Failure Triage & First Response#

Before reaching for a meter or scope, stop and look. The first few seconds of observation often reveal more than the first ten minutes of measurement — if attention is paid.

Five Senses Check#

Always the first step. Do this before powering anything on (or immediately after a failure, while things are still warm).

SenseWhat to look for
LookCharred components, bulging capacitors, cracked packages, discolored PCB, solder bridges, missing parts, bent pins, loose wires
SmellBurnt electronics (unmistakable), hot plastic, ozone (arcing), chemical smell from leaking electrolytic
ListenClicking relays, buzzing transformers, high-pitched whine from oscillation, silence where fan noise is expected
TouchHot components (power off first!), loose connectors, cracked solder joints detectable by feel, board flex
ContextWhat changed? New firmware? New power supply? Was it dropped? Different environment?

If something looks burnt or smells burnt, don’t power it up again until the cause is understood. A visual fault is a gift — it tells exactly where to start.

Categorize the Failure#

This is the most important triage decision. These three categories lead to fundamentally different diagnostic approaches:

Never Worked#

The circuit has never functioned correctly — first power-up of a new build, or a board fresh from assembly.

  • Suspect assembly errors first: wrong part, rotated IC, solder bridges, missing connections
  • Check power rails before anything else — if the supply is wrong, nothing downstream matters
  • Verify the BOM against the schematic, especially polarized components
  • New designs have design errors too — don’t assume the schematic is correct just because it’s printed

Stopped Working#

It worked before, and now it doesn’t. Something changed.

  • What changed? Environment, firmware, power source, connected equipment, age
  • If nothing obviously changed, suspect component failure — especially electrolytics, connectors, and anything that runs hot
  • Intermittent failures that got worse over time suggest thermal or mechanical degradation
  • A sudden hard failure suggests a component died — look for the weakest link in the power path

Works Sometimes (Intermittent)#

The hardest category. The circuit sometimes works and sometimes doesn’t.

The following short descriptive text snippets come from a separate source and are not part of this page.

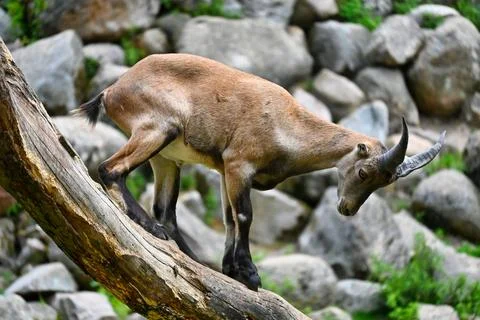 Mountain goat climbs on a fallen tree in a rocky area near a forest during .. Stock Photos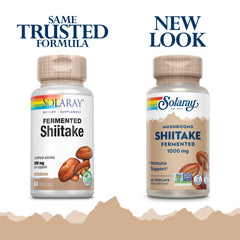 SOLARAY Fermented Shiitake 500mg capsules close-up for easy daily use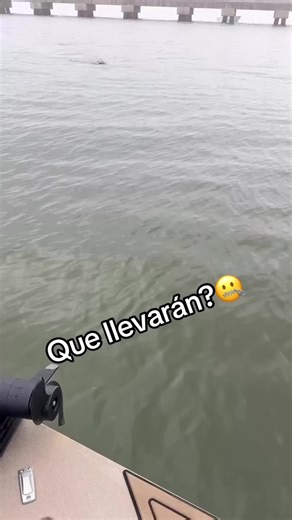 Misterios de la tortuga pitón: ¿Qué llevarán?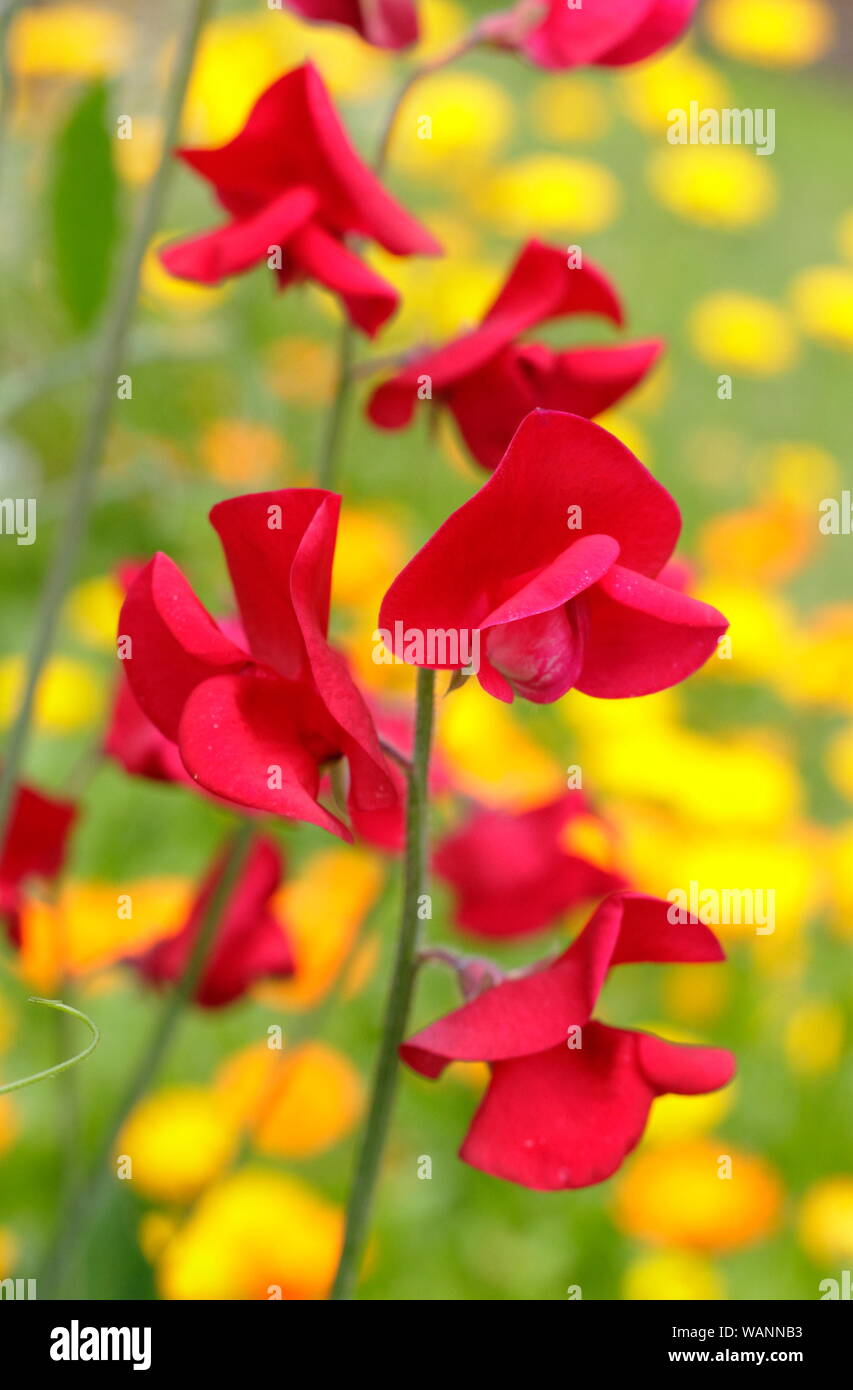 Lathyrus Odoratus und Calendula. 'Winston Churchill' süssen Erbsen, einem duftenden, Spencer Sorte, Klettern in einem Mitte Sommer Garten gegen Pot marigold. Großbritannien Stockfoto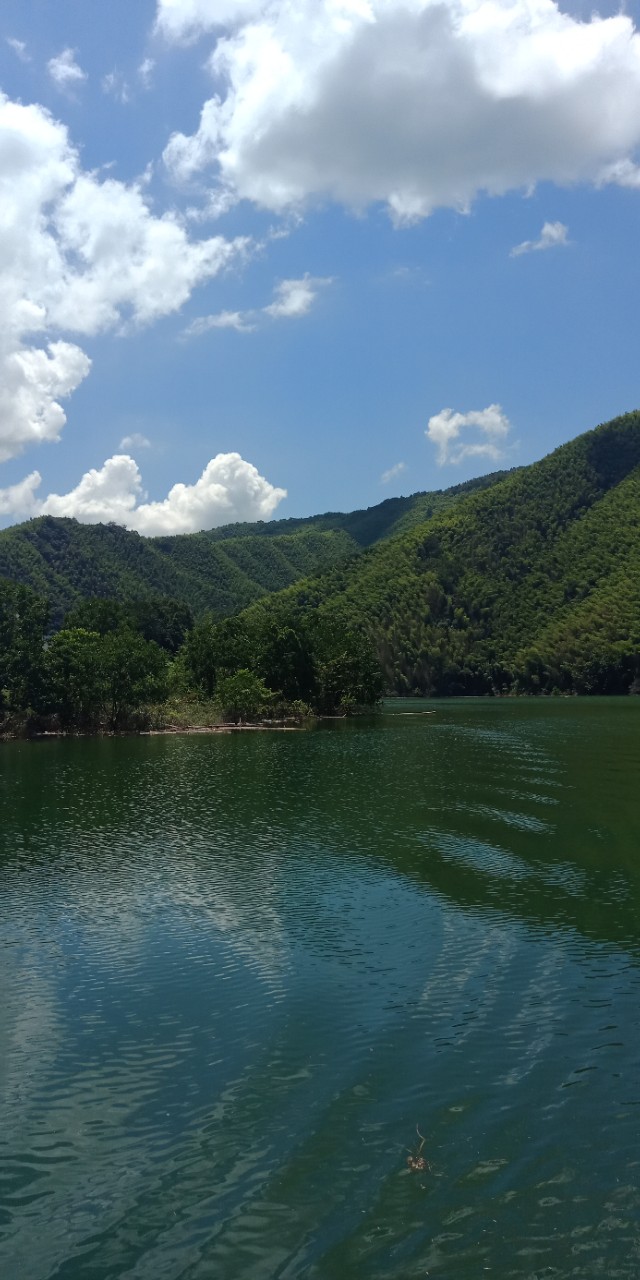 九州文学南京诗社作品,九州文学社作品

  • Characterize the intermittent: temperature-dependent? Position-dependent? Time-dependent? Load-dependent?
  • Temperature: use a heat gun or freeze spray to provoke the fault
  • Position: flex the board, wiggle connectors, tap components
  • Time: does it fail after warm-up? After hours? After days?
  • Load: does it fail only under full load or at specific operating points?
  • Intermittent faults are almost always thermal, mechanical, or marginal — a part operating right at its limit

Choosing Your First Measurement#

Resist the urge to measure the symptom directly. Instead, work from power toward the symptom:

  1. Power first — Is the supply voltage present and correct? See Is voltage present? and Is voltage correct under load?
  2. Clocks second (digital/embedded) — Is the oscillator running? Is the clock getting to the IC?
  3. Signals third — Now trace the signal path from input toward output, looking for where the signal stops or goes wrong

This order exists because power faults masquerade as everything else. A brownout on a 3.3 V rail can look like a firmware bug, a logic error, or a communication failure. Chasing the symptom first can waste hours before revealing the rail is at 2.8 V.

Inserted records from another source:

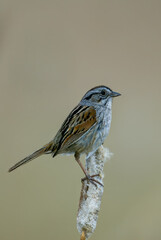 Swamp Sparrow taken in southern MN
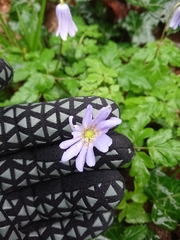 Anemonoides apennina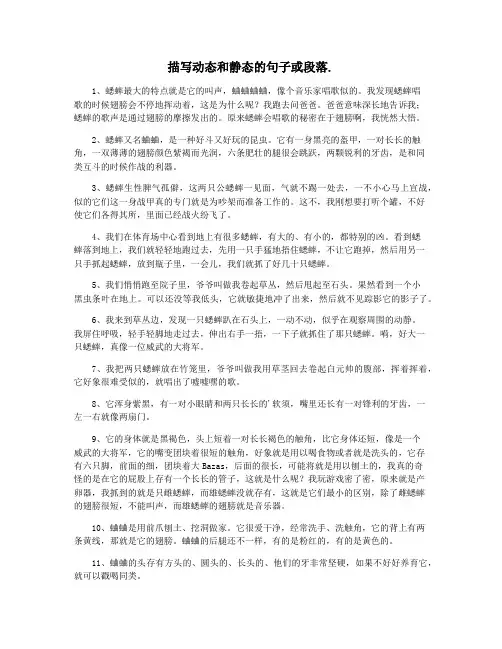描写动态和静态的句子或段落.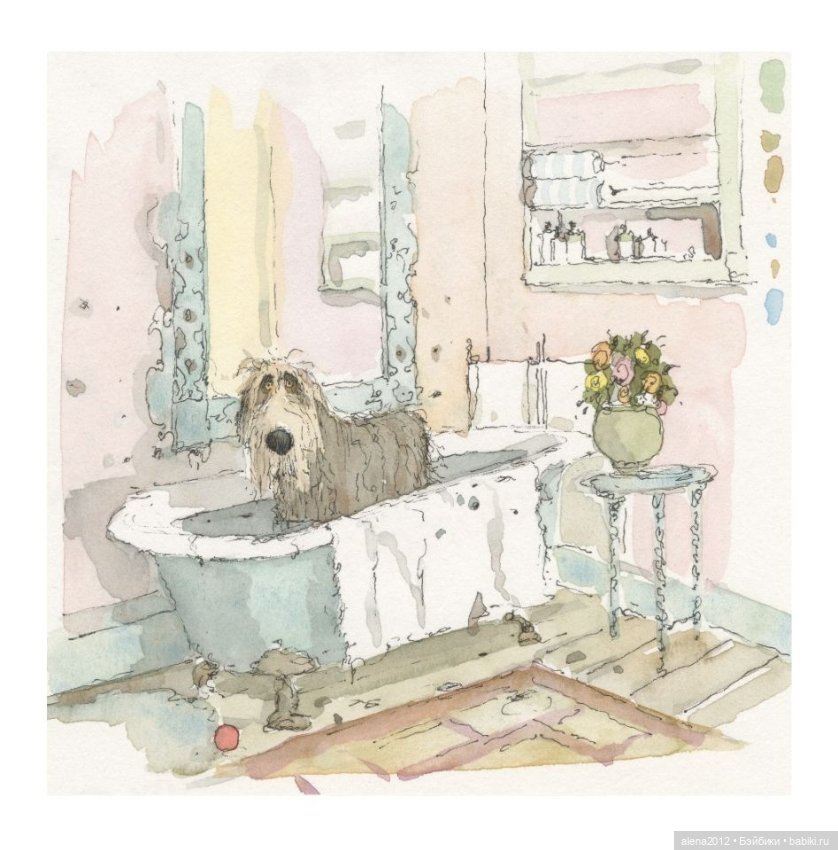 Stephen Hansen тепло и мило о собачей жизни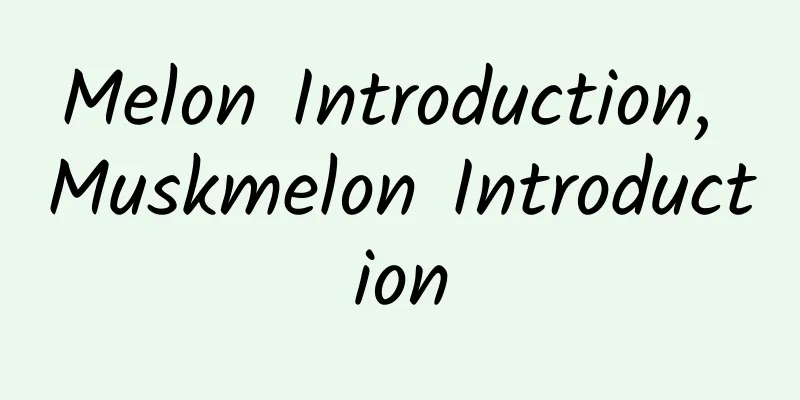 Melon Introduction, Muskmelon Introduction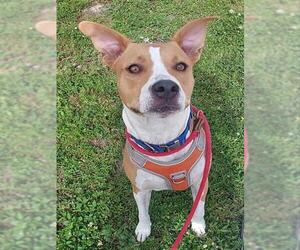 American Staffordshire Terrier Dogs for adoption in Fort Lauderdale, FL, USA
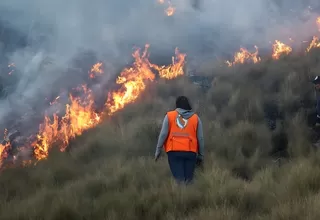 Indeci: Se registraron 591 incendios forestales en lo que va del año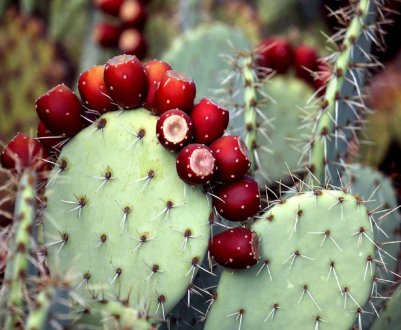 Україна готова до масового вирощування груші кактусовій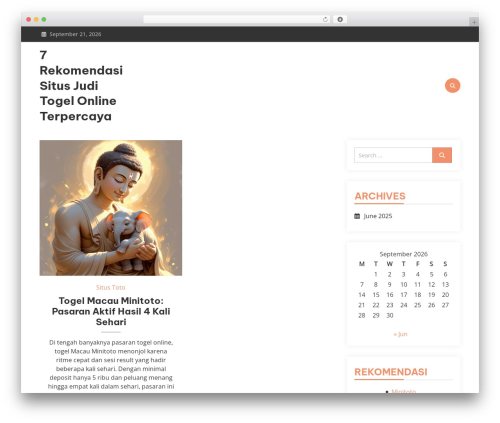 matina WordPress theme - bizman-invest.com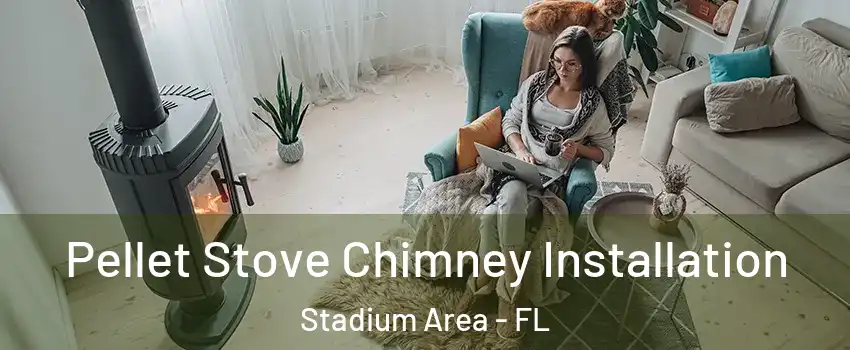 Pellet Stove Chimney Installation Stadium Area - FL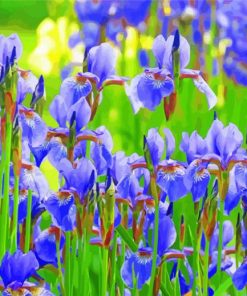 Iris Flower Field paint by number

Hardware vs. Firmware Boundary#

For embedded systems, determining whether the fault is hardware or firmware is critical early in triage.

Signs pointing to hardware:

  • Failure persists across known-good firmware versions
  • Power rails are wrong, missing, or noisy
  • The processor isn’t running at all (no clock, no activity on debug port)
  • Symptoms change with temperature or mechanical stress

Signs pointing to firmware:

  • Hardware checks pass (power, clocks, I/O levels all correct)
  • The same board works with a different firmware version
  • Symptoms are perfectly repeatable and state-dependent
  • Debug output shows the code reaching unexpected states

The boundary cases — hardware marginal enough that firmware sometimes trips over it — are the hardest. A noisy power rail that causes occasional flash corruption looks like a firmware bug until the rail is scoped.

Safety Note#

Before probing anything, especially unfamiliar equipment or high-power circuits, check that it’s safe to probe. See Can I Probe Safely?